Task input –
********************

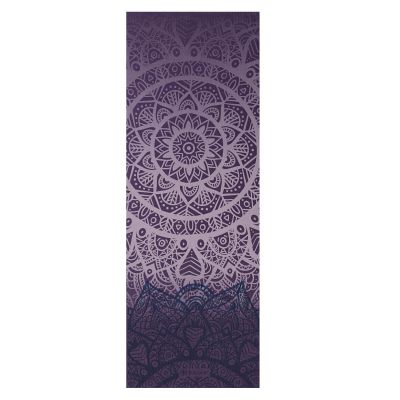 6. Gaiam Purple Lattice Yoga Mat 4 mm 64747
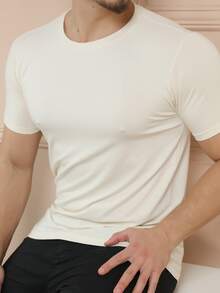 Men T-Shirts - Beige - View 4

********************

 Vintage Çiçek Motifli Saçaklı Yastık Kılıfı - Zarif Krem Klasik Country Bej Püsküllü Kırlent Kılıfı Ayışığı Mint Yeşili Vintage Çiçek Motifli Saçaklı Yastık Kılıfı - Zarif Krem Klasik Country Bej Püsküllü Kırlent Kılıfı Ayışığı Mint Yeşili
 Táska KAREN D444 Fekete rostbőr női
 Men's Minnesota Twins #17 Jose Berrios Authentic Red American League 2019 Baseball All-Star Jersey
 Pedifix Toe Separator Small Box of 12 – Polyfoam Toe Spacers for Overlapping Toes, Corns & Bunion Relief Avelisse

********************

A verbatim transcription is needed of the lines above, starting at the line with "Táska KAREN D444 Fekete rostbőr női" and ending at the line with "Pedifix Toe Separator", both included, and of nothing else.

Finished exercise –
 Táska KAREN D444 Fekete rostbőr női
 Men's Minnesota Twins #17 Jose Berrios Authentic Red American League 2019 Baseball All-Star Jersey
 Pedifix Toe Separator Small Box of 12 – Polyfoam Toe Spacers for Overlapping Toes, Corns & Bunion Relief Avelisse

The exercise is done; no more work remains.